Lloyd is survived by: his wife, the former Evelyn F. Oldham; four children, Cathy E. Gable (Ray) of Marietta, George C. Westbrook of Powder Springs, Richard C. Westbrook (Teresa) of Bowie, Md., and William A. Westbrook of Chicago; 10, grandchildren; 10 great-grandchildren; a sister-in-law, Jean Oldham of Oxford; and nieces and nephews. His two surviving brothers are H. Winston Westbrook (Jeanne) of Athens and Highlands, N.C., and Travis D. Westbrook (Martha) of Rising Fawn. Siblings J. Wiley and Helen Westbrook are deceased. He and Evelyn were married Oct. 16, 1943. After serving in the Army Air Force during World War II, he continued his education at Georgia Tech.
Aeronautical engineering was Lloyd’s profession. He was employed by Bell Bomber Plant, Lockheed Aircraft in Marietta, Briles Mfg. in El Segundo, Calif., (producer of fasteners needed in the building process of airplanes) and McDonnell Douglas in St. Louis. At an early age he loved any type of aircraft and began a part-time job in that field while a junior in high school. He learned all phases of building an airplane — mechanical, electrical and structural from the ground up — to fixing a flat tire to installing the wings and fuselage. Because others specialized in only one part of this process, Lloyd became accomplished in the field since he was knowledgeable in all phases involved. He became known as “Mr. Fix-it” when he was called on to identify problems that prohibited the selling off of the finished project to the buyer.

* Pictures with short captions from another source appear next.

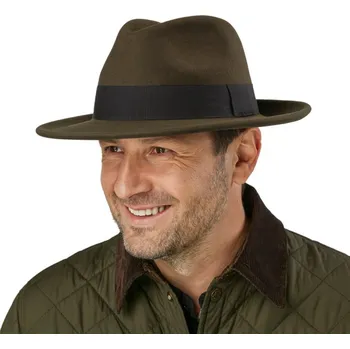 Klobouk Fiebig - Headwear since 1903 Olivový klobouk plstěný - olivový s černou stuhou - Bogart Velikost: 61 cm (XL)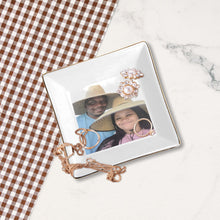 Load image into Gallery viewer, Photo Jewelry Tray Dish Box for Mom, Customized Name on Ring Dish, Mother's Day Gift ,Custom Jewelry Square Jewelry Tray, bridal shower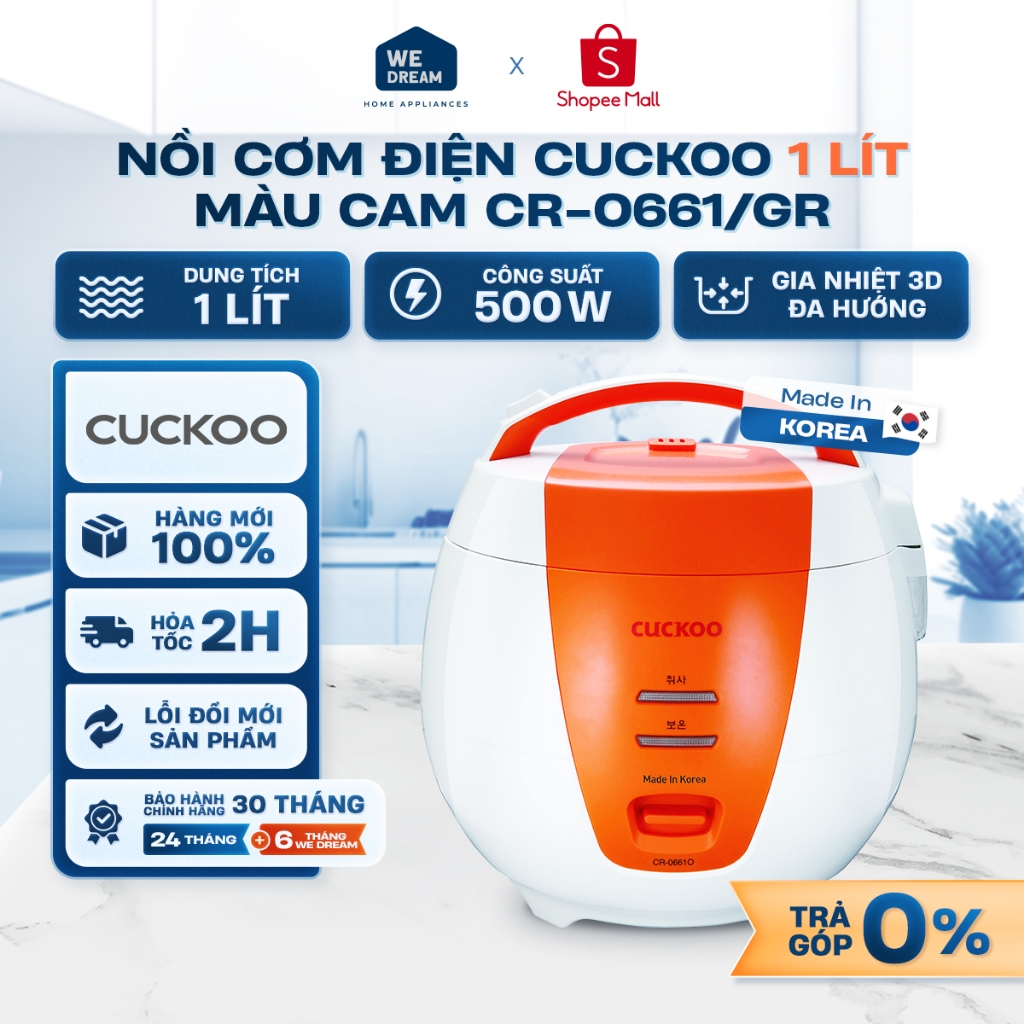CR-0661 - Nồi Cơm Điện Cuckoo 1 Lít CR-0661/OR Màu Cam - Hàng Chính Hãng, Hàng Mới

While at Briles he traveled to many companies in foreign countries in Europe and Asia teaching employees how to retrofit their planes to bring them up to date. After his retirement, he collected and built models of the 33 planes he had worked on throughout his career and strung them on wires in chronological order across the ceiling of his two-car garage, dating from 1939 at Bell Bomber Plant to 1988.
After retiring to Clayton, he became a volunteer for Meals On Wheels, Habitat for Humanity and the literacy program. He was a member of Grace Bible Church and AARP. He appeared yearly in the local drama, “His Last Days,” as Caiphus the High Priest. During the children’s childhood he served as scoutmaster for the Boy Scouts, Girl Scouts and as a leader in the Indian YMCA Guides.
In October 2013, he and Evelyn celebrated their 70th wedding anniversary.
A memorial service was held at Grace Bible Church in Mountain City. Remembrances may be made in the form of contributions to Halcyon Hospice, 1435 Haw Creek Circle E., suite 402, Cumming, GA 30041.
Beck Funeral Home was in charge of arrangements. An online guestbook is available at www.beckfuneralhome.com.